Sounds like you're ready to kill a bird come season.

Quote:
Anyone ever tried an owl hooter locator call? Was just curious about them.
Have only hunted the Fall season a couple times but love the Spring season and yes, I use the owl and crow call considerably when I'm 'runnin and gunnin'. Sometimes they are effective, sometimes not. Just depends on the birds that particular day. Some days you can slam your truck door or quack like a duck and they answer. Some days they don't answer to anything.

Don't know how effective the owl call will be in the Fall season. Too, AFAIK, calling in the Fall is totally different then calling in the Spring and calls that work in one season may not work in the other. Too, since you probably know, when using the hen call, cadence is very important and certain cadence's that are used in the Spring breeding time and won't work in the Fall.
If I'm not mistaken, the 'assembly' cadence with a hen call is used a lot in the Fall.

One cadence you want to hear and know is the 'alert or alarm' cadence.
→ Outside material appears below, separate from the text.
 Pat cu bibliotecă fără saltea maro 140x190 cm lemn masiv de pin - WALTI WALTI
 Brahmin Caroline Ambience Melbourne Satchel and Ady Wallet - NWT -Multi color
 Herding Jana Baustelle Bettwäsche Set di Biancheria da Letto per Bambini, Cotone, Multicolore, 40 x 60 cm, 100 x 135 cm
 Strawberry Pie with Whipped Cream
It consist of several putts. You don't want to use that call cause as it works year around.

Last I looked, the ODNR website had a brief but excellent write up on the different tactics used when hunting turkey between the two seasons.
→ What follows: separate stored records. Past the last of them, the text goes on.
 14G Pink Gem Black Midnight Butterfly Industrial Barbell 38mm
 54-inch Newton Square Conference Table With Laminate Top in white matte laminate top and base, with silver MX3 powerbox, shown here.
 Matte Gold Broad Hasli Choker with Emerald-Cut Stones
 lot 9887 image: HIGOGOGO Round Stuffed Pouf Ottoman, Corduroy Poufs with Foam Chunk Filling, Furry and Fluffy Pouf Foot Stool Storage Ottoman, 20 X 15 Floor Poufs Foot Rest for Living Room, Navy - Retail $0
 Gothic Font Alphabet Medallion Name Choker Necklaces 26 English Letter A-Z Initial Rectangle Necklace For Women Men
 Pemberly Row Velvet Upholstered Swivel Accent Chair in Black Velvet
Hopefully, since you know the routes of these birds, you can just play the 'ambush game' and not have to call at all. But I promise, if you continue to turkey hunt, you will surely want to learn the different calls.

Quote:
By the way, I'm wondering if from your screen name your a ham operator?
No sir, I am not. You're not the first to ask me that.
I just didn't use my head when thinking of a cute handle.